Die Geschichte war in allen Newsfeeds und in vielen bekannten Medien, und selbst heute, findet man unter der Google-Suche „Tornado Hamburg“ nach wie vor überwiegend Schlagzeilen, die auf das spektakuläre Erscheinen eines Tornados über Hamburg hindeuten, nur SPIEGEL online hatte Skepsis geäußert. Gesehen oder gar gefilmt hatte den tosenden Trichter nämlich merkwürdigerweise niemand.

In Fotos von Wolkenschnipselchen wurde zwar die spektakuläre Entstehung eines Tornado-Rüssels hinein fabuliert, und die Verwüstungen und Überschwemmungen in Hamburg und der Region zeugten durchaus davon, dass Sturmtief „Paul“ nicht zimperlich gewesen ist. Aber den Tornado über Hamburg hatte dennoch niemand gesehen. Bis heute!

Dann tauchte es auf; Pauls Tornado über Hamburg hatte ein Gesicht, und es füllte die Newsfeeds! Endlich!

Sturm über New York - Montage

Doch halt. Dieses Gesicht hat bereits einen anderen Namen. Und es ist ein Fake! Im Dezember 2013 machte er die Runde, als der Hamburger Journalist und Media Trainer Claus Hesseling nach dem Orkantief Xaver diese Fotomontage per Twitter verbreitete – quasi als lebendiges Anschauungsmaterial für seine Seminare.

Er wollte sehen, wieviele seiner Follower das Bild ohne Verifizierung der Echtheit und ohne Quellenverweis weiterteilen würden. Es waren viele.

Die Idee zu dieser Montage war nicht neu. Und der Sturm ist noch viel älter. Im November 2012 baute sich der selbe Sturm über der New Yorker Skyline auf: Das Bild ging als Dokumentation des Hurricane Sandy um die Welt.

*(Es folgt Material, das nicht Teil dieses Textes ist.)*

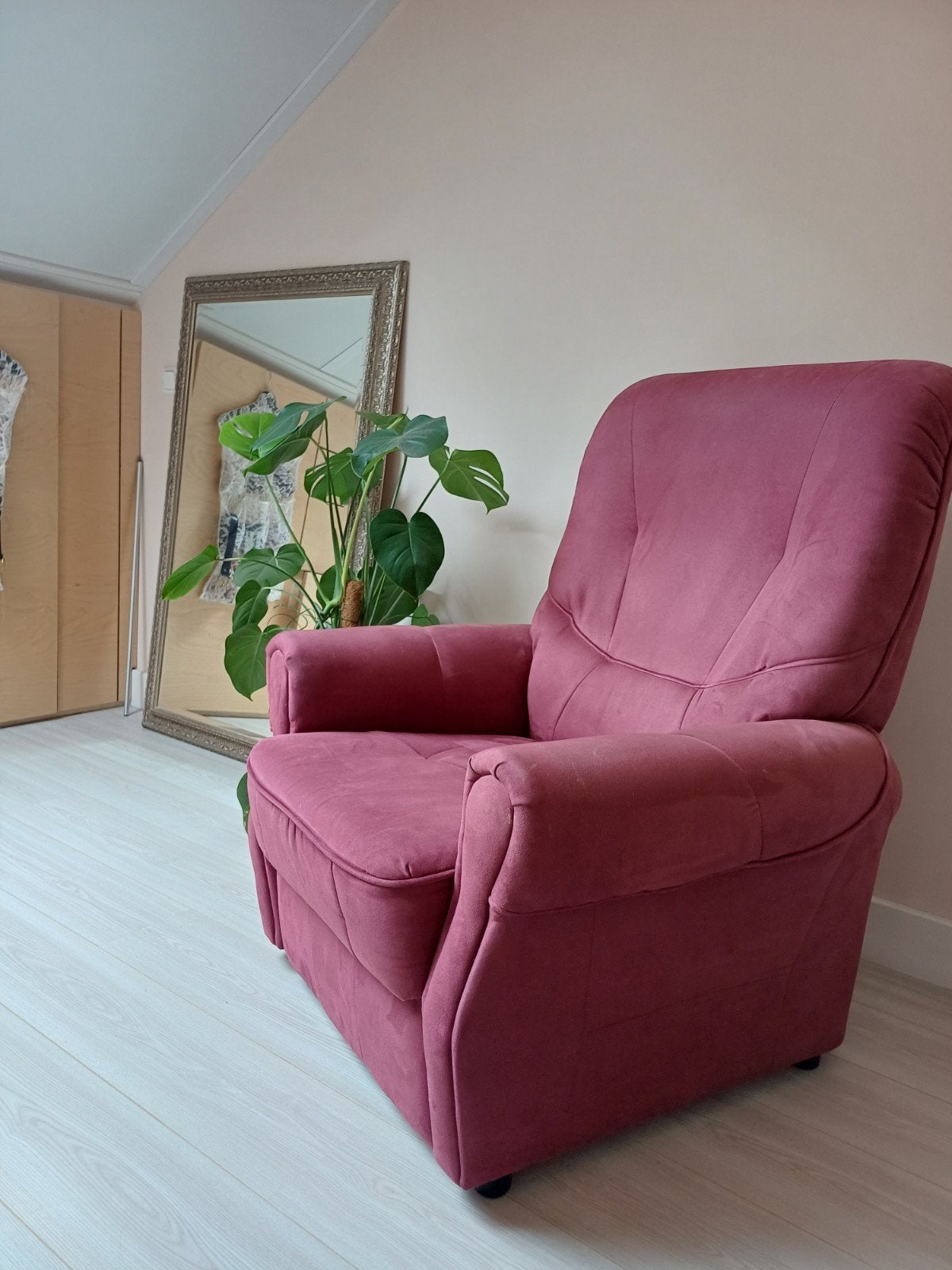 Vintage Oud Roze Verstelbare Fauteuil, Huis en Inrichting, Fauteuils, Ophalen, Gebruikt, 75 tot 100 cm, 75 tot 100 cm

Wer es in die Welt setzte ist heute nicht mehr nachzuvollziehen. Wer in der Googlesuche nach dem Bild sucht, erhält über 20 Millionen Ergebnisse. Für mich überraschend: Als ein Journalistenkollege es unkommentiert bei Facebook postete, dauerte es nur wenige Minuten, bis die ersten Bildredakteure nach Originalauflösung und Quelle fragten.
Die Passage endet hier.